Nel 1984 mi recai a Mosca per partecipare ad una fiera organizzata da alcune aziende italiane, tra cui la mia. All’arrivo in aeroporto i doganieri si prodigarono in severi controlli che durarono circa quindici minuti per ciascun viaggiatore. In prossimità del gabbiotto, dove l'ufficiale esaminava il passaporto, era stato installato uno specchio per controllare il "lato B" di ogni persona. Fummo trasferiti in un albergo apparentemente bellissimo, costruito da americani, ma rifinito dai russi. Trattennero i documenti alla reception. Ebbi la fortuna di andare nell'URSS insieme ad un nostro agente, Vlako, che viveva lì sei mesi all'anno. Quindi ero stato preparato a ciò che sarebbe potuto accadere. Nei pressi della camera, appena prima di entrare, Vlako mi sussurrò: “Quando telefoni in Italia: tutto bello, tutto ottimo, tutto splendido, tutto efficiente, tutto fantastico.” Si presumeva che un albergo per uomini d’affari stranieri occidentali fosse pieno di microspie. Anzi, lui lo dava per certo. Con ironia feci presente che non stavamo girando un film della serie "007". Una volta nella stanza, accese l'interruttore della filodiffusione, poi iniziò a spostare mobili. In camera scoprì almeno tre sospette microspie, una dietro il quadro posto sopra al letto, una vicino al comodino del telefono, più un'altra nel lampadario. In bagno ce n'erano altrettante. Le rifiniture dell’albergo eseguite dai russi erano paragonabili a quelle di un hotel italiano da "una stella". La struttura, però, offriva una gamma completa di servizi e bar spettacolari frequentati da donne bellissime (non c’erano vie di mezzo: o erano fotomodelle o completamente sfatte). Gran giro di soldi! Mi avevano avvertito dell'alta probabilità di essere tampinato dai loschi individui del cambio nero. Tutte le donne (prostitute) che frequentavano i bar dell'hotel erano in contatto con i "servizi" o con la polizia. Si offrivano per cento dollari.

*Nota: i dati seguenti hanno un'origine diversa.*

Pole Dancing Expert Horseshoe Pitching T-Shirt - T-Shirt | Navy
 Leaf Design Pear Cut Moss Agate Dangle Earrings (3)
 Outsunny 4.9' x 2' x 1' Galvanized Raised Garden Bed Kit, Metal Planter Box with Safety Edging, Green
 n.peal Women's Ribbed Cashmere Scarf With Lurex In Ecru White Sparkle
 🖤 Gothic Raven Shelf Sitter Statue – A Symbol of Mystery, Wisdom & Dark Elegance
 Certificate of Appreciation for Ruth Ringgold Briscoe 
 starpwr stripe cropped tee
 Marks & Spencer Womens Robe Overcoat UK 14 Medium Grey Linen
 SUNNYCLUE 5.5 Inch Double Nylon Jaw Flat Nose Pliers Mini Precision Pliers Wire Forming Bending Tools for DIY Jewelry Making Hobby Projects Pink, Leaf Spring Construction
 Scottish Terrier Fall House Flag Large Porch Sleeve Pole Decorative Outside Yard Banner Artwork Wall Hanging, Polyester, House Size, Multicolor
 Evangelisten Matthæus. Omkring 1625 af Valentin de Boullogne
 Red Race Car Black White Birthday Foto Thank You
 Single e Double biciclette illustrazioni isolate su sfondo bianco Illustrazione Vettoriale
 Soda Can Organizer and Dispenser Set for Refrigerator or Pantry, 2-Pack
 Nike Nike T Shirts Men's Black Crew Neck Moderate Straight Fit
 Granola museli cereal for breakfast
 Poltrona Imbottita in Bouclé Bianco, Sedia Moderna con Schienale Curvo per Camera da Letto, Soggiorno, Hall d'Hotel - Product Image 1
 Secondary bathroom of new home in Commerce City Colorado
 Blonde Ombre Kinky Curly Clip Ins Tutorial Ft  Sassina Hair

Finalmente in fiera. Avevamo portato dall'Italia una macchina da stampa. Il nostro settore era quello dell’imballaggio e avremmo avuto a che fare con tutti i ministeri. Gli operatori privati erano inesistenti. Il ministro comprava la macchina, secondo il suo criterio che era un criterio "fuori dal mondo" rispetto alle esigenze dell’azienda cui era destinata... tanto pagava lo Stato. Lo Stato dava la macchina all’azienda e diceva: questa è la macchina, adesso lavora! Lo Stato era il cliente.
Eravamo stati invitati ad organizzare la fiera facendo in modo che ci fosse sempre la possibilità di mangiare qualcosa. Rimasi sconvolto! Ministri con relative delegazioni venivano sempre verso mezzogiorno apposta per pranzare. Dall'Italia avevamo fatto arrivare un container occupato per metà da forme di grana, bevande alcoliche di tutti i tipi (dal Martini al cognac), spaghetti, pomodoro, salsa. Una cuoca russa lavorava senza sosta nell'angolo cottura predisposto alle spalle dello stand. La macchina ed un pannello nascondevano la sala da pranzo con cucina. Era una fiera di soli espositori italiani. Una ditta aveva persino assemblato la macchina per fare il pane e la pasta.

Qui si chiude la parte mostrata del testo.